Não é o momento de eu anunciar posição pessoal, por que para um político detentor de mandato a escolha do presidente da República não é uma questão de foro íntimo. É uma questão política que envolve a representação do partido como um todo. A eleição de sua região, seu Estado, tudo isso eu devo considerar. A convenção do PMDB provavelmente vai definir mais o tempo de TV do que a destinação dos votos, estou convencido disso. Seja qual for a definição da convenção, os votos terão mais ou menos o mesmo destino, isto é, a divisão. Não saberei em que proporção porque é cedo ainda, mas acho que o PMDB estará dividido na eleição. O que a candidatura Dilma alimenta em relação ao PMDB é muito mais o tempo de TV do que os votos. Isso se aplica também a José Serra. Ele terá votos peemedebistas independentemente da decisão da convenção. O que vai se decidir, e é importante, é o tempo de TV.
Cezar Santos — Há pouco meses o ex-ministro Mangabeira Unger fez um périplo pelo País pregando a candidatura própria do PMDB. O sr. não considera até vexatório ao maior partido do País, de maior capilaridade, há tanto tempo não ter candidato à Presidência?
Isso tem uma causa superficial e outra profunda. A superficial e verdadeira também é que o PMDB não tem um quadro político com visibilidade, história, biografia, para encher esse espaço. Tem quadros respeitáveis, mas não com repercussão. Isso é um dado da realidade, mas não é casual. O PMDB foi o fiador da redemocratização e só o foi por ser um partido nacional. E é a rigor o único nacional. Os outros são de hegemonias locais, especialmente paulistas e com presença forte em Minas Gerais. Pegue o PT com presença muito forte em São Paulo e alguns apoios menores. O PSDB em São Paulo e Minas, mas com a expressão que tem o PMDB em todo o País não há nada parecido.
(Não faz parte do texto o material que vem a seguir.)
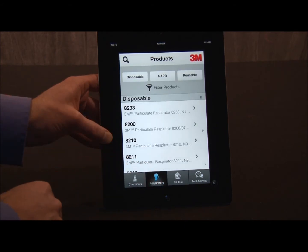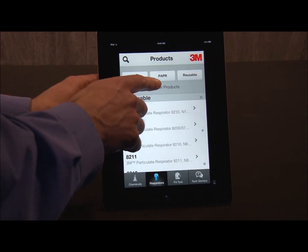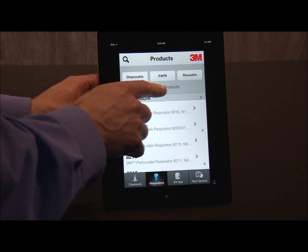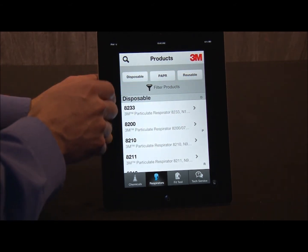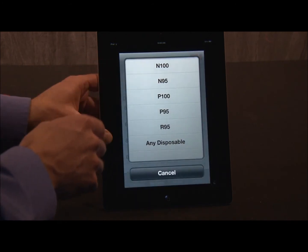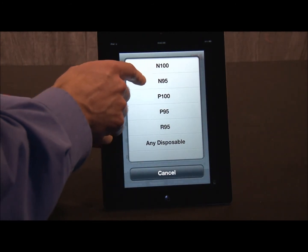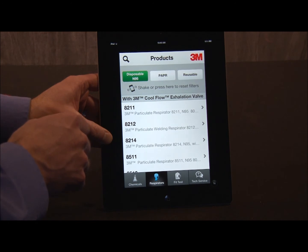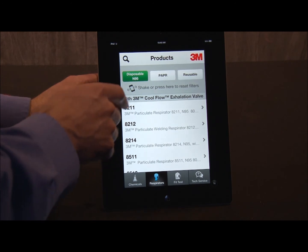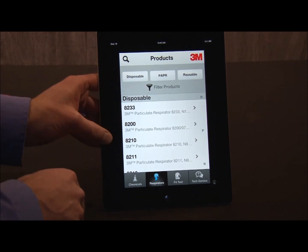Next, we'll go to respirators. I see that there's information about disposable respirators, powered air-purifying respirators, and reusable respirators. For example, I can go to disposable and search by N95 respirators. To clear this, I can either shake it or just hit this button right here — it will clear out the filter.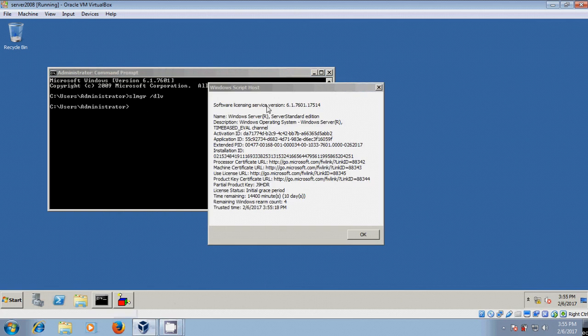Now, here it is showing the complete details about your server and license status in grace period. And 10 days still remaining.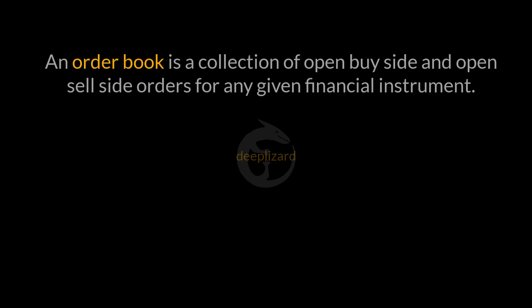With this working knowledge, we are ready to provide a definition of an order book. An order book is a collection of open buy side and open sell side orders for any given financial instrument.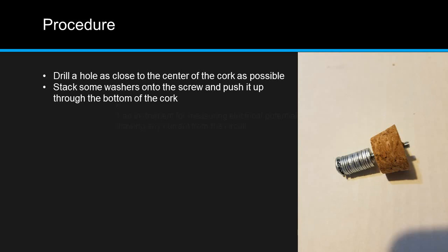Stack some washers onto the screw that came with the knob, and push it up through the bottom of the cork.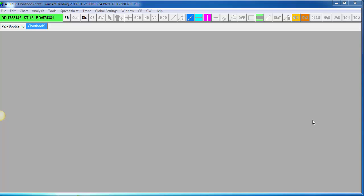Hi everybody. Welcome to the Infinity Futures YouTube channel. What we're going to do here is show you how to create what is commonly referred to as a spread chart. Sierra uses a study called the Difference Study to create a spread chart. So let's do an example.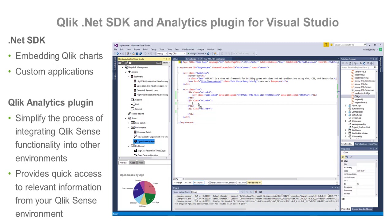We also offer the Qlik Analytics plugin for Microsoft Visual Studio to streamline the integration process. This plugin provides quick access to information from the Qlik environment and developers can easily connect to Qlik servers, see applications, and drag and drop objects into code in Visual Studio.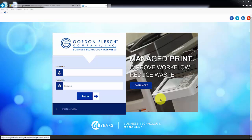This is a training guide for the Gordon Flesch Company Client Portal. In this video, you will be shown the login procedure and how to navigate for functions such as meter read entry, ordering supplies, requesting service, and paying an invoice.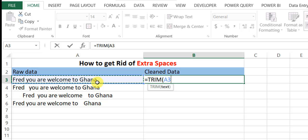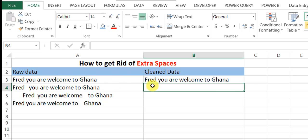So the TRIM function will only take one argument. Then you enter.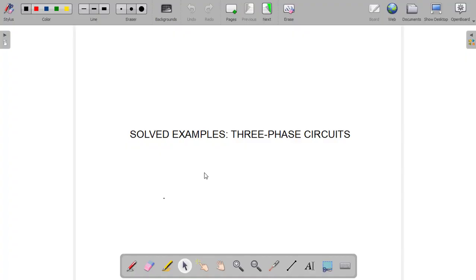Hello and welcome to this episode of Kinemax Applied Electricity video tutorial. In this session we are going to test our understanding on three-phase circuits through some solved examples. So let's quickly jump to our first example.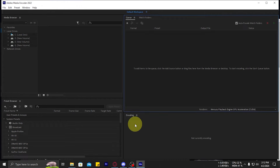Hey everybody! Today we are going to learn how to convert MOV to MP4 in a media encoder.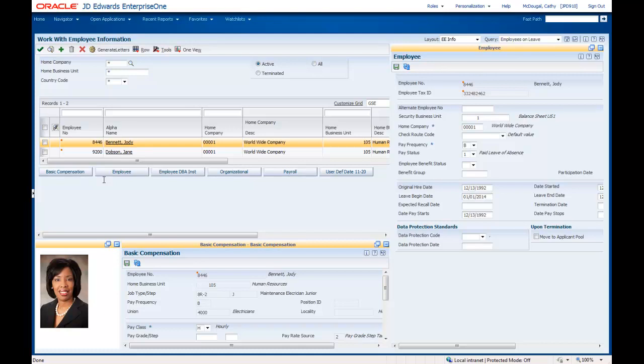Using the powerful, yet easy to use, Enterprise One personalization features, I was able to configure just the right combination of Enterprise One HCM applications that enable me to simply and quickly answer questions and do my work.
Para se ter uma ideia, na última eleição o voto de legenda foi, se não me engano, de 6 milhões. Esta característica de não conseguir se unificar também ocorre pelo fato de não haver uma hegemonia regional. Se o PMDB tivesse uma preponderância carioca, talvez tivesse um candidato do Rio de Janeiro com repercussão. Ou se tivesse uma preponderância mineira ou gaúcha, mas não tem. Isso decorre em parte de uma virtude também. Ele é um partido horizontal nesse sentido, ocupando todo o espaço nacional, e que tem papel crucial na preservação das instituições.
Cezar Santos — O PMDB é um partido aderente ao poder, ou seja, está com quem está no poder. Isso não é negativo?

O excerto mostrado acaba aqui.